___ DATA ___

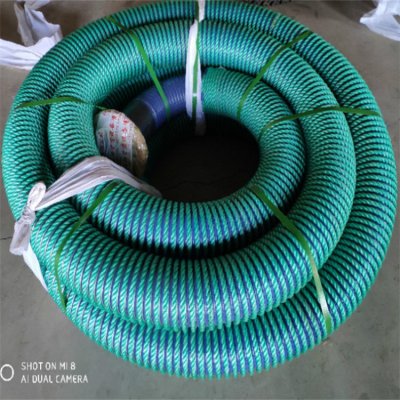 Composite Hoses With Nylon Rope Cover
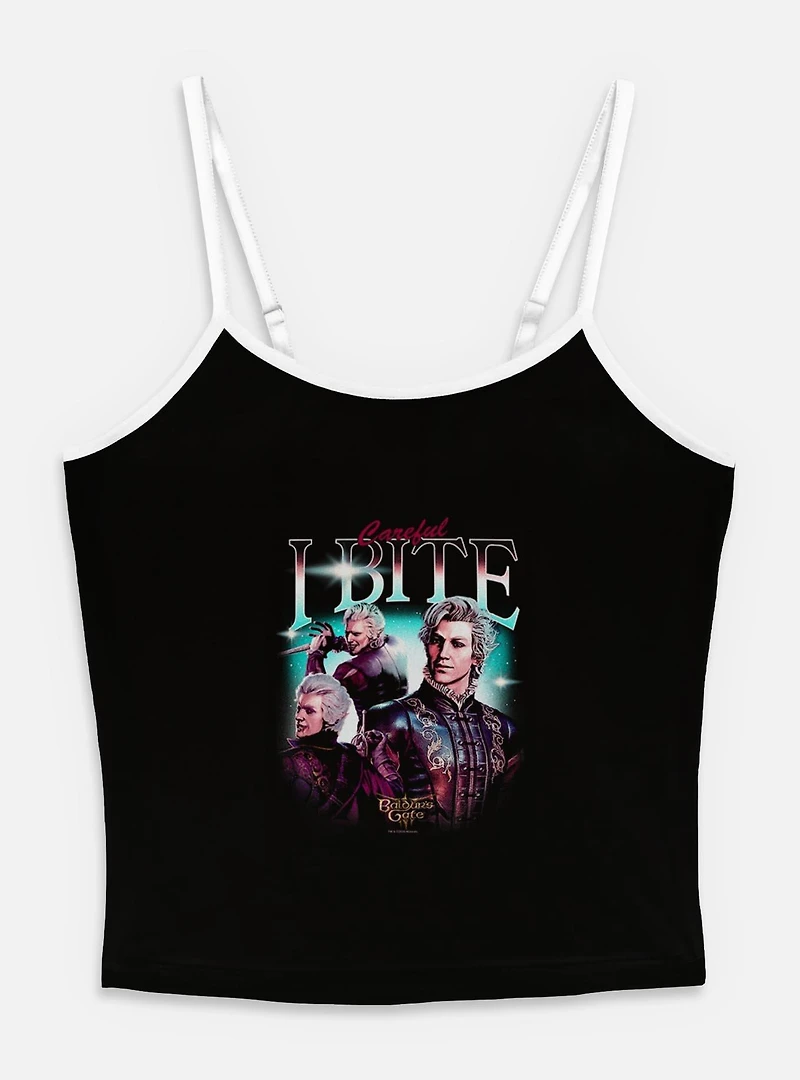 Dungeons & Dragons Astarion Careful I Bite Womens Cami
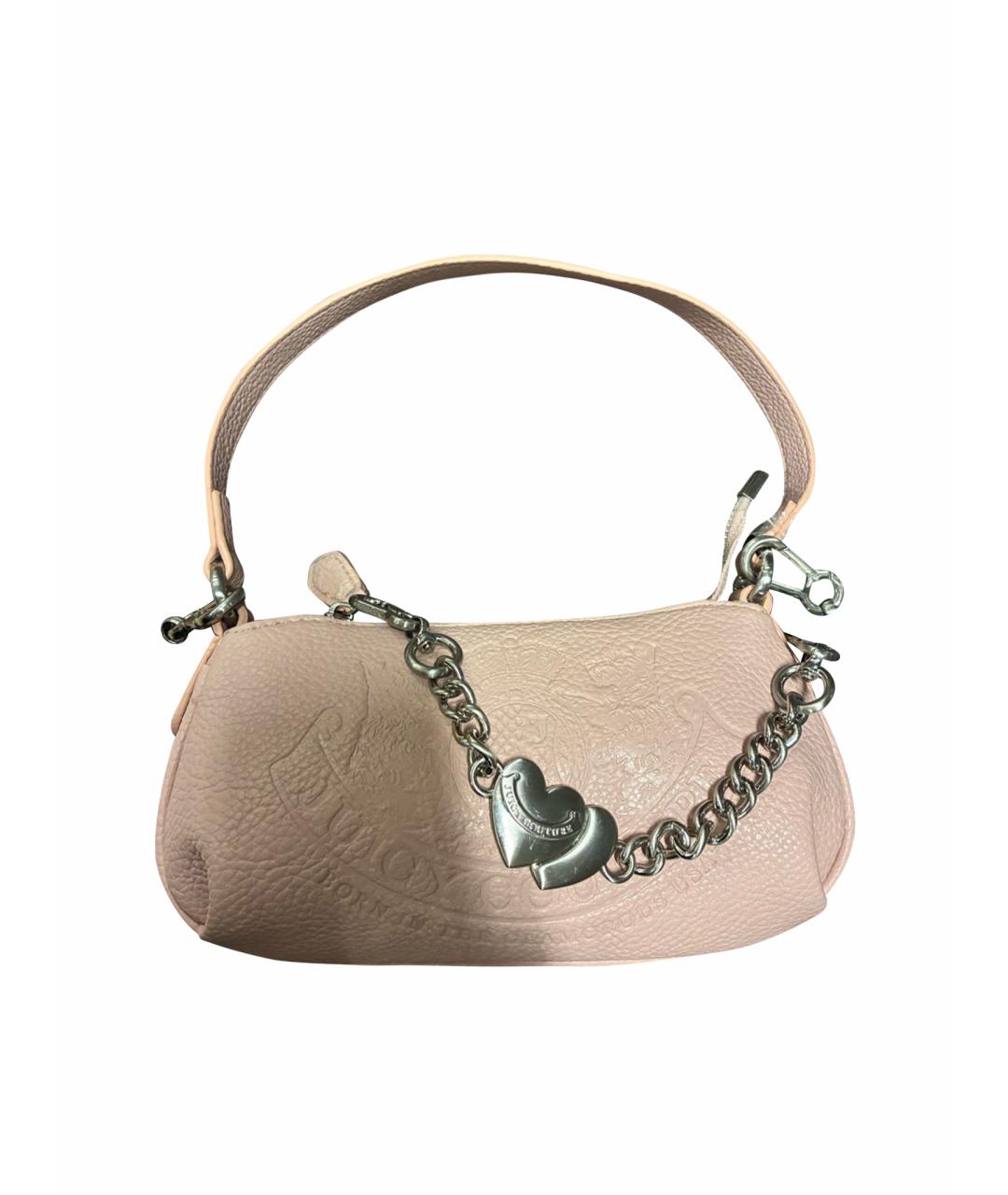 JUICY COUTURE Розовая сумка с короткими ручками, фото 1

___

EXERCISE REQUIREMENTS.
Leave the pictures out and copy the rest of the data exactly.

FINISHED TASK.
 Composite Hoses With Nylon Rope Cover
 Dungeons & Dragons Astarion Careful I Bite Womens Cami
 JUICY COUTURE Розовая сумка с короткими ручками, фото 1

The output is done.